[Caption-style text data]
****************

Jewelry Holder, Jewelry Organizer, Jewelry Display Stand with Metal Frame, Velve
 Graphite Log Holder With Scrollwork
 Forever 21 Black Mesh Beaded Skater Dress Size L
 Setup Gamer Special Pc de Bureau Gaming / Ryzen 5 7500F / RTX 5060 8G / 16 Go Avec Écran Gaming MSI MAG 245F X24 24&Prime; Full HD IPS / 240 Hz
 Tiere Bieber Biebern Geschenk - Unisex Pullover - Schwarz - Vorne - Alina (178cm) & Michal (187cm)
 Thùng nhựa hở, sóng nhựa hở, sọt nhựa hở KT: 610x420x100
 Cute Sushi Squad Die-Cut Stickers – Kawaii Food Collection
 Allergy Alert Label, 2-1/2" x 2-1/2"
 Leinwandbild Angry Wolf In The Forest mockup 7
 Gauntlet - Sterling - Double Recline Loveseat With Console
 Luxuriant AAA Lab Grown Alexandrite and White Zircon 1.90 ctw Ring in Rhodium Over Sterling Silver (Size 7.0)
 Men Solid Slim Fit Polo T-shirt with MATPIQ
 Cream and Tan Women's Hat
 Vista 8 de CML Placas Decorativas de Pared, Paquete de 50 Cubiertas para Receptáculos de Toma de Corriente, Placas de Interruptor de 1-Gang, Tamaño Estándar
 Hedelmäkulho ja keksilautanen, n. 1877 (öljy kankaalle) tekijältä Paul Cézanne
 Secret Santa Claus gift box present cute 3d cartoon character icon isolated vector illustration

****************

## EXERCISE REQUIREMENTS
Your answer should consist only of the lines from the one that holds "Cream and Tan Women's Hat" to the end of the entries above, both ends included, each repeated exactly.

## SOLVED EXERCISE
 Cream and Tan Women's Hat
 Vista 8 de CML Placas Decorativas de Pared, Paquete de 50 Cubiertas para Receptáculos de Toma de Corriente, Placas de Interruptor de 1-Gang, Tamaño Estándar
 Hedelmäkulho ja keksilautanen, n. 1877 (öljy kankaalle) tekijältä Paul Cézanne
 Secret Santa Claus gift box present cute 3d cartoon character icon isolated vector illustration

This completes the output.